Yones pushed a piece of fried egg around the plate, chasing it into what was left of the pile of home fries before scooping both into her mouth. She chewed thoughtfully and swallowed before answering.

“Unique serial numbers are a bitch. That will cost extra.” Peck flinched noticeably. “Where are you circulating?”

“What business is that of yours?” Peck snapped. “As long as you get paid real money, what do you care what we do with the product?” His nerves were visibly frayed, his voice raised. There was something here, something…

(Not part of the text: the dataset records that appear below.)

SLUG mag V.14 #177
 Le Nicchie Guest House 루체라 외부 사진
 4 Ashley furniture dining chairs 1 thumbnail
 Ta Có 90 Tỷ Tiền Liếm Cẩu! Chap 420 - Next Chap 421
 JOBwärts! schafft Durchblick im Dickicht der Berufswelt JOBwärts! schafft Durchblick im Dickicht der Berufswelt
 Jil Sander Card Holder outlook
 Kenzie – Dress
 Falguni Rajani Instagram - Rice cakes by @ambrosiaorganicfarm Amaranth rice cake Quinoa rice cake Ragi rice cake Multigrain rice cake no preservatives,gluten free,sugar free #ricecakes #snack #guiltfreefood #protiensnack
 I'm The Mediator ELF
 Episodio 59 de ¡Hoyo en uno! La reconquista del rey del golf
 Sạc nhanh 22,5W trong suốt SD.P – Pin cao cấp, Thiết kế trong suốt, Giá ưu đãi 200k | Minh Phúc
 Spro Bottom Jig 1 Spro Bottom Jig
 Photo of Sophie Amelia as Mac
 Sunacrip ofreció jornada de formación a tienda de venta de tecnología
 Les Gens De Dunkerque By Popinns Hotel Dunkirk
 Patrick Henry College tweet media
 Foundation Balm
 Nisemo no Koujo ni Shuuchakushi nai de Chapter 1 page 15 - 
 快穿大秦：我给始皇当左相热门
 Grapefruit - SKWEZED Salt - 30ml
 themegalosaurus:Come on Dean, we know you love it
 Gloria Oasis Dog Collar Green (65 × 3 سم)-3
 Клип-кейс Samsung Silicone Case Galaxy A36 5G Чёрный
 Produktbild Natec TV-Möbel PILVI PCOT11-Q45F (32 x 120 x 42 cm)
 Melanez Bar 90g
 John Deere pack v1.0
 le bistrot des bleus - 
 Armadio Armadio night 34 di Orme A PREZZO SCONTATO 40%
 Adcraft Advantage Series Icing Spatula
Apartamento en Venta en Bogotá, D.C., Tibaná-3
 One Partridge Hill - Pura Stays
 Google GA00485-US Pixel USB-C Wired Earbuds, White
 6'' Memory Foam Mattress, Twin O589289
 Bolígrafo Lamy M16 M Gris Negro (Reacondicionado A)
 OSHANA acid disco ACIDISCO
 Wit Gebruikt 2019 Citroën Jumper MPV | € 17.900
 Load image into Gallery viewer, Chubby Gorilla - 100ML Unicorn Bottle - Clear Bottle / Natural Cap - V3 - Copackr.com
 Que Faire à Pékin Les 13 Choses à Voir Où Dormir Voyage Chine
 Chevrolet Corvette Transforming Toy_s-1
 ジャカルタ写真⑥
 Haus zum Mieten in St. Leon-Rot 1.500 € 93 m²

“I’m an artist, and a connoisseur, and a businesswoman Mr. Peck,” she placed the fork on the nearly empty plate, the blade disappearing into a pocket. “I need to know where my product is in circulation so that we can, all of us, avoid the dangers of oversaturation and the increased likelihood of discovery that brings.” She smiled almost imperceptibly. “I’m the best because my work goes undetected, and that’s good for me, and good for you.” She straightened her shirt sleeves, and then very deliberately checked her watch, an old analog affair. The large, man’s sized timepiece conspicuous on her thin olive wrists.

Richards shot Peck a sidelong glare before catching himself and answering. “Nothing around here, we’ll be distributing in New New York, and over several months.”

She folded her hands on the table, strummed her nails on the polished surface one single time.

“Thirty percent up front, the balance when you collect the merchandise.”

She watched as a vein started to pulse in Peck’s temple.

“Ten percent.” Richards was notably more collected than his partner.

“If you knew me, you would know I don’t negotiate. I don’t print until I have thirty percent up front in hard, real currency.”

“Twenty.” He tried again.

“Do you know how much work it is to secure unique serial numbers? Ones that will pass close scrutiny? And there are very complex anti-counterfeiting measures woven into the genuine article minted by the state, none of that is easy to reproduce.

“Fine. But if you screw us–”

“If I wanted to screw you, there would be nothing you could do about it at any percentage,” she cut him off in mid-sentence, “and screwing is bad for business.” She finished, smiling. “I’m here every morning for breakfast. Come back when you have the front money.”

With that, Yones slipped out of the bench seat and to her feet in one fluid motion, and without looking back walked through the diner and out the front door.

“What the–” Peck started.

“Don’t.” Richards cut him off. “Not here.”

Outside Gwynne dialed as she walked, then spoke quietly, her voice encrypted at the voice box.

“Start combing the lost off-world database for viable serials. We’ll need male and female, fifty of each. Make sure we can get organic material and skeletal scaffolding to print on short notice. I think our new friends are cops, or private military, so they’re either trying to arrest me, or they’re buying a small private army.” At the end of the street, she turned the corner and descended into the subway. “So we get thirty percent and two potentially valuable serials, or one hundred percent and a little new world anarchy. Either way, a win.”